Para o professor Ariovaldo, o que se discute com estes projetos de Lei é o menos importante, já que também há problemas de fiscalização do cumprimento das reservas legais. Ele afirma que a intenção é flexibilizar a lei para continuar desmatando, legalizando o desmatamento e diminuindo o ônus da recuperação a que são obrigados por terem devastado.
"Nos três estados (MT, TO e MA), há bioma Amazônia e achar que saindo da Amazônia Legal passa-se a ser estado só de Cerrado é uma piada. Sair da Amazônia Legal não é sair do bioma. As propostas revelam ignorância e falta de conhecimento da geografia brasileira do seu autor", concluiu.
Histórico
O presidente Getúlio Vargas criou, em 1953, a Superintendência do Plano de Valorização Econômica da Amazônia (SPVEA), buscando promover o desenvolvimento da produção agropecuária e a integração da região amazônica à economia nacional, por considerar que esta parte do país estava muito isolada e subdesenvolvida. Mesmo raciocínio adotado anos mais tarde pelos militares para povoarem a região.
No ano de 1955, por meio da Lei 1.806, de 6 de janeiro de 1953, (criação da SPVEA), foram incorporados à Amazônia Brasileira, o Estado do Maranhão (a oeste do meridiano 44º), o estado de Goiás (ao norte do paralelo 13º de latitude sul - atualmente Estado de Tocantins) e Mato Grosso (ao norte do paralelo 16º latitude Sul). Com esse dispositivo, a Amazônia Brasileira passou a ser chamada de Amazônia Legal, constituída por conceito político e não necessariamente por imperativos geográficos.
Em 1966, já no governo militar de Castelo Branco, a SPVEA foi substituída pela Sudam.
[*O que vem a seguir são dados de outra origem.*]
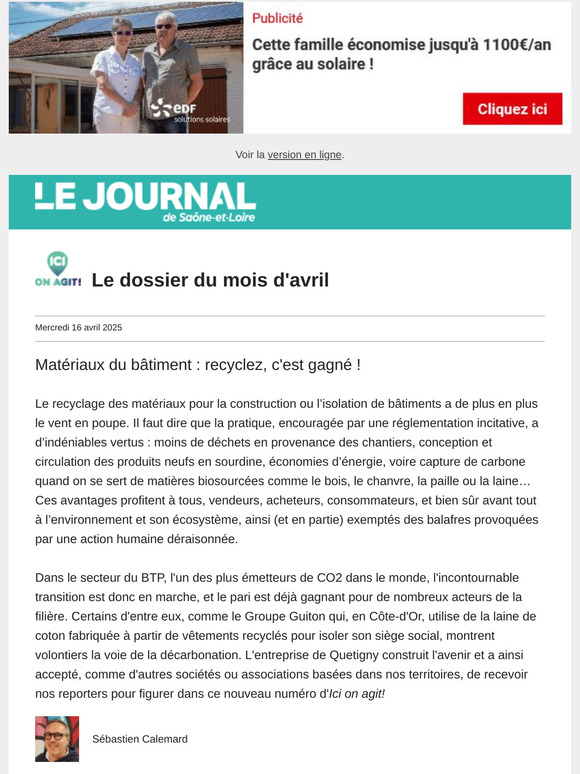 Ici on agit I En recyclant les matériaux, le BTP construit l'avenir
Tal órgão foi também criado para dinamizar a economia amazônica. Em 1967, sempre perseguindo a idéia de desenvolver a região, foi criada a Zona Franca de Manaus: uma área de livre comércio com isenção fiscal que até hoje perdura.
Em 11 de outubro de 1977, a Lei Complementar nº 31 criou o estado do Mato Grosso do Sul e, em decorrência, o limite estabelecido pelo paralelo 16º é extinto. Todo o território do novo estado do Mato Grosso passa assim a fazer parte da Amazônia Legal.
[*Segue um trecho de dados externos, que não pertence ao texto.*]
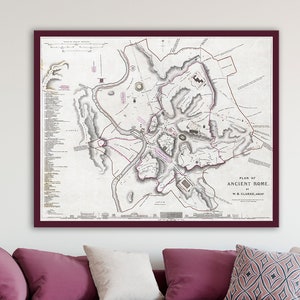 Mapa antiguo de Roma, mapa de pared de la antigua Roma, mapa antiguo de Roma, gran decoración de pared de Roma, decoración del hogar de Roma.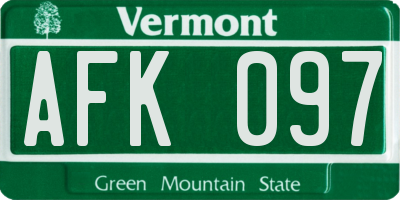VT license plate AFK097
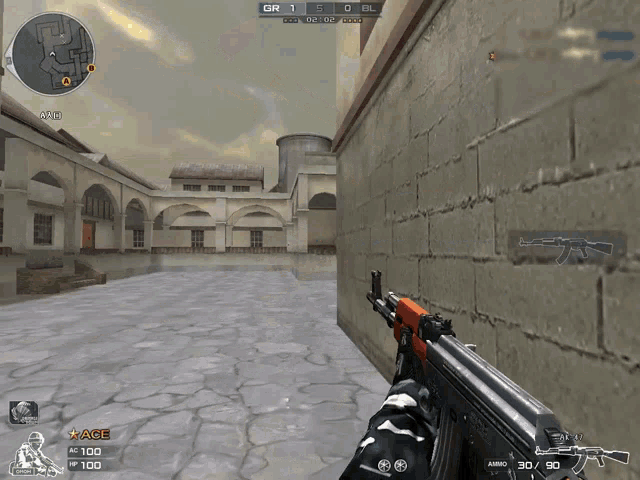 a screenshot of a video game shows a person holding a rifle and the letters gr and gl are on the screen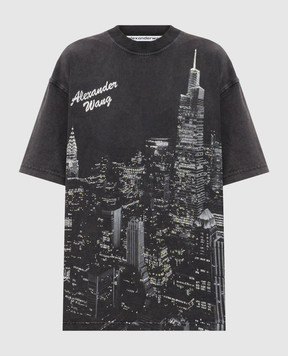 Alexander Wang Серая футболка в принт с кристаллами UCC3251843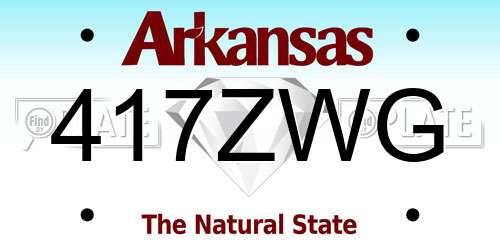 417ZWG Arkansas License Plate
Com a promulgação da Constituição Federal de 5 de outubro de 1988 é criado o estado do Tocantins e os territórios federais de Roraima e do Amapá são transformados em estados federados. Assim, o paralelo que dividia o antigo estado de Goiás e que limitava a área da Amazônia Legal foi substituído pelos novos limites políticos entre Goiás e Tocantins.
Em 24 de agosto de 2001, o presidente Fernando Henrique Cardoso assinou a medida provisória nº. 2.157-5, que criou a Agência de Desenvolvimento da Amazônia (ADA) e extinguiu a Sudam. Esta decisão foi tomada após seguidas críticas quanto à eficiência desta autarquia e o novo órgão passou a ser a responsável pelo gerenciamento dos programas relativos à Amazônia Legal. Em agosto de 2003 o presidente Luiz Inácio Lula da Silva recriou a Sudam.